++++ GIVEN RECORDS

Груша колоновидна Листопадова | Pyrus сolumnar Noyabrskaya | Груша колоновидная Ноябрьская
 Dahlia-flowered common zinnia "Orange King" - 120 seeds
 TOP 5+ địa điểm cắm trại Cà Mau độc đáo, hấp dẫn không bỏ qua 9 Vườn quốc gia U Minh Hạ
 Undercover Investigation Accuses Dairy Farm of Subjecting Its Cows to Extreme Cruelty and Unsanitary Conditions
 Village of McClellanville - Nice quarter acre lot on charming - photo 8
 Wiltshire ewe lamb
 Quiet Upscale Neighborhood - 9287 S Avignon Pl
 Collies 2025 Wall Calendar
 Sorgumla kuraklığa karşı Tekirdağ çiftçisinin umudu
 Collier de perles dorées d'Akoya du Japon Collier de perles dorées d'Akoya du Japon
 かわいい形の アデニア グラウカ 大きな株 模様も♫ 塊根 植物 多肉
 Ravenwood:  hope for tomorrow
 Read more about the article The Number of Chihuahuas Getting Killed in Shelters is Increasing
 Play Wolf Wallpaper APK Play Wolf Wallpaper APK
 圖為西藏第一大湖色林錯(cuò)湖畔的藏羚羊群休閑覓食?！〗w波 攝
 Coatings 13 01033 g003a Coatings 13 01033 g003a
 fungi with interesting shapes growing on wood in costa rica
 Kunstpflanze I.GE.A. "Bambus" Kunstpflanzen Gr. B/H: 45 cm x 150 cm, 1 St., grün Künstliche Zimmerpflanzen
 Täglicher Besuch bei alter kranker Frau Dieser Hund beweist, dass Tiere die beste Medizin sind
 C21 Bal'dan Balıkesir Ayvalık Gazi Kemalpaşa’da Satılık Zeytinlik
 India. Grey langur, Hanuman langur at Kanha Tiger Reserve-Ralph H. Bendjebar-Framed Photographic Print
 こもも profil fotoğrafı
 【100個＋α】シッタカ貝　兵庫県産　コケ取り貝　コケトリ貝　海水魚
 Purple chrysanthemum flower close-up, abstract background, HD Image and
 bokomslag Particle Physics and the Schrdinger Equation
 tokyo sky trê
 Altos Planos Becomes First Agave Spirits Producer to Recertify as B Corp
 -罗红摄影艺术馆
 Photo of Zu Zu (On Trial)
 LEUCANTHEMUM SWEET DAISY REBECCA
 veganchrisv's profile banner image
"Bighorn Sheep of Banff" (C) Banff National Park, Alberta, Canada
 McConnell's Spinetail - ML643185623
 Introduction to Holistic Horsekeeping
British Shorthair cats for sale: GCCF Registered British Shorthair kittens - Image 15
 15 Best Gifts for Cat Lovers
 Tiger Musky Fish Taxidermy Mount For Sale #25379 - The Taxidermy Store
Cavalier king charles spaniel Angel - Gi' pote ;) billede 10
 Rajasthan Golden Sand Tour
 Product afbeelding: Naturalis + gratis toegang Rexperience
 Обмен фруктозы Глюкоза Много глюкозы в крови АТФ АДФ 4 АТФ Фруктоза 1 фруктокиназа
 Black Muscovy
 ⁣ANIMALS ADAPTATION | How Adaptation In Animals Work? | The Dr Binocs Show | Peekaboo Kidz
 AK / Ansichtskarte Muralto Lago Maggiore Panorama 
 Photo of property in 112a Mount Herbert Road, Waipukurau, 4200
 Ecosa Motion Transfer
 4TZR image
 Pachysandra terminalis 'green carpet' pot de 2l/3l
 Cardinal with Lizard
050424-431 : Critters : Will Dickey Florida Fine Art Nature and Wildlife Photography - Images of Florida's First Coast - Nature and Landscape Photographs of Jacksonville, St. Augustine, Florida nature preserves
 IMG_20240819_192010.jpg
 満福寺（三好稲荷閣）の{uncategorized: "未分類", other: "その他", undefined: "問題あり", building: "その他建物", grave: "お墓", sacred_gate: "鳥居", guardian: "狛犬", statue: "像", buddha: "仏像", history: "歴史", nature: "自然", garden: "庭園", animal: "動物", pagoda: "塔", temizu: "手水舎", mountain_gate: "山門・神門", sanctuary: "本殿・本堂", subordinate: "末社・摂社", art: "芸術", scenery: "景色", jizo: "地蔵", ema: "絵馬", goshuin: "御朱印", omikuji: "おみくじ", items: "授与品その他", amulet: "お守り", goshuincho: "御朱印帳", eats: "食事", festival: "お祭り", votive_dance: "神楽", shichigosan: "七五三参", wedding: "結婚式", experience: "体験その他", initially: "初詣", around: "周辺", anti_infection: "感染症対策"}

++++++++

▸ TASK REQUIREMENTS: Once you find the line containing "fungi with interesting", stop: reproduce exactly that line and every line of the data before it, and nothing else.

▸ ANSWER BELOW:
Груша колоновидна Листопадова | Pyrus сolumnar Noyabrskaya | Груша колоновидная Ноябрьская
 Dahlia-flowered common zinnia "Orange King" - 120 seeds
 TOP 5+ địa điểm cắm trại Cà Mau độc đáo, hấp dẫn không bỏ qua 9 Vườn quốc gia U Minh Hạ
 Undercover Investigation Accuses Dairy Farm of Subjecting Its Cows to Extreme Cruelty and Unsanitary Conditions
 Village of McClellanville - Nice quarter acre lot on charming - photo 8
 Wiltshire ewe lamb
 Quiet Upscale Neighborhood - 9287 S Avignon Pl
 Collies 2025 Wall Calendar
 Sorgumla kuraklığa karşı Tekirdağ çiftçisinin umudu
 Collier de perles dorées d'Akoya du Japon Collier de perles dorées d'Akoya du Japon
 かわいい形の アデニア グラウカ 大きな株 模様も♫ 塊根 植物 多肉
 Ravenwood:  hope for tomorrow
 Read more about the article The Number of Chihuahuas Getting Killed in Shelters is Increasing
 Play Wolf Wallpaper APK Play Wolf Wallpaper APK
 圖為西藏第一大湖色林錯(cuò)湖畔的藏羚羊群休閑覓食?！〗w波 攝
 Coatings 13 01033 g003a Coatings 13 01033 g003a
 fungi with interesting shapes growing on wood in costa rica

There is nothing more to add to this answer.